- _EXERCISE DIRECTIONS_:
In the entries below, find the line with "708 Clear Spring Ct, Elizabethtown, KY 42701", then set it down exactly along with each line after it to the end, skipping any pictures.

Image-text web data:
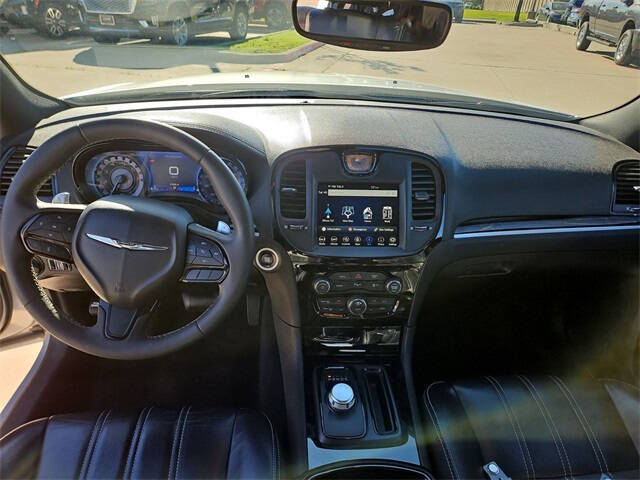 2023 Chrysler 300 S V6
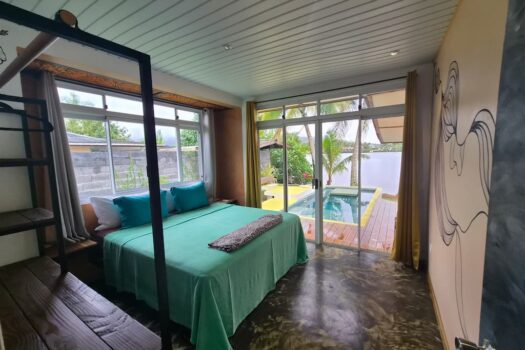 TOAHOTU VILLA F4 AVEC PISCINE ET VUE MER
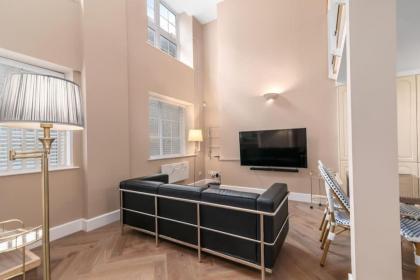 GuestReady - Beige barley near museum London 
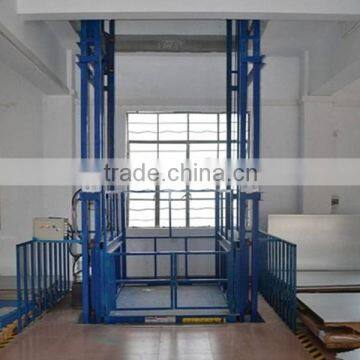 hot sales in UAE vertical construction freight platform lifts for warehouse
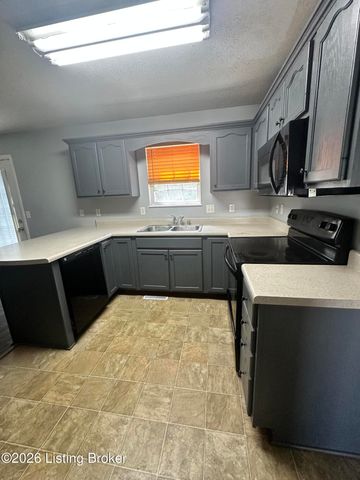 708 Clear Spring Ct, Elizabethtown, KY 42701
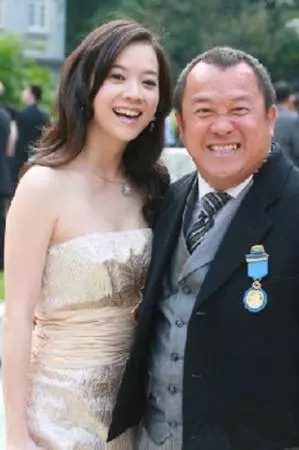 馬德鍾和兒子合影像兄弟,可惜苗僑偉兒子沒遺傳到他老爸的帥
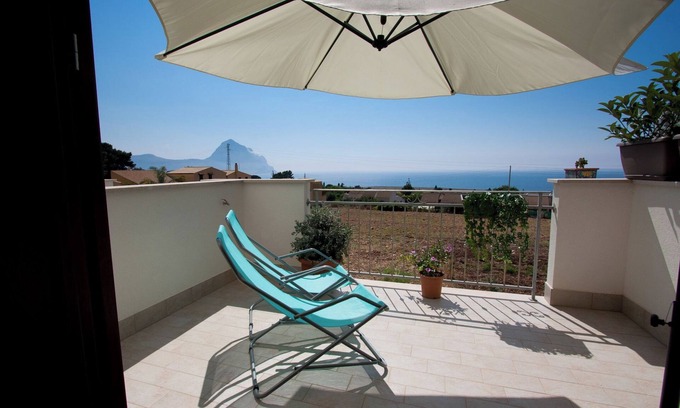 Macari Apartment | Holiday house on 3 floors, sea view
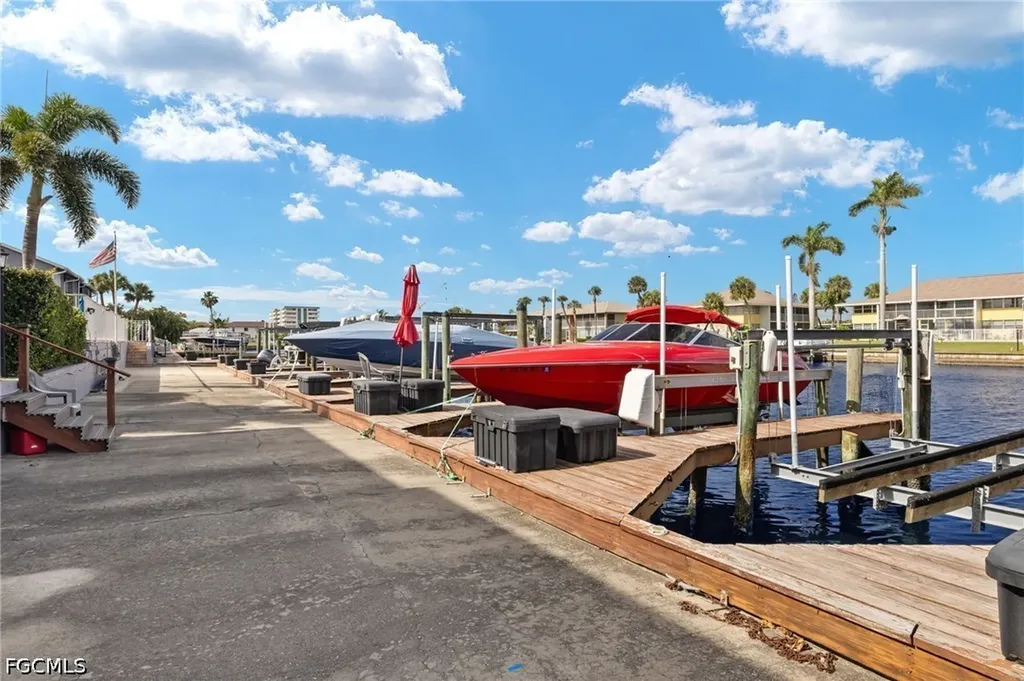 4616 SE 5th Place Cape Coral FL 33904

- _OUTPUT OF THE TASK_:
 708 Clear Spring Ct, Elizabethtown, KY 42701
 馬德鍾和兒子合影像兄弟,可惜苗僑偉兒子沒遺傳到他老爸的帥
 Macari Apartment | Holiday house on 3 floors, sea view
 4616 SE 5th Place Cape Coral FL 33904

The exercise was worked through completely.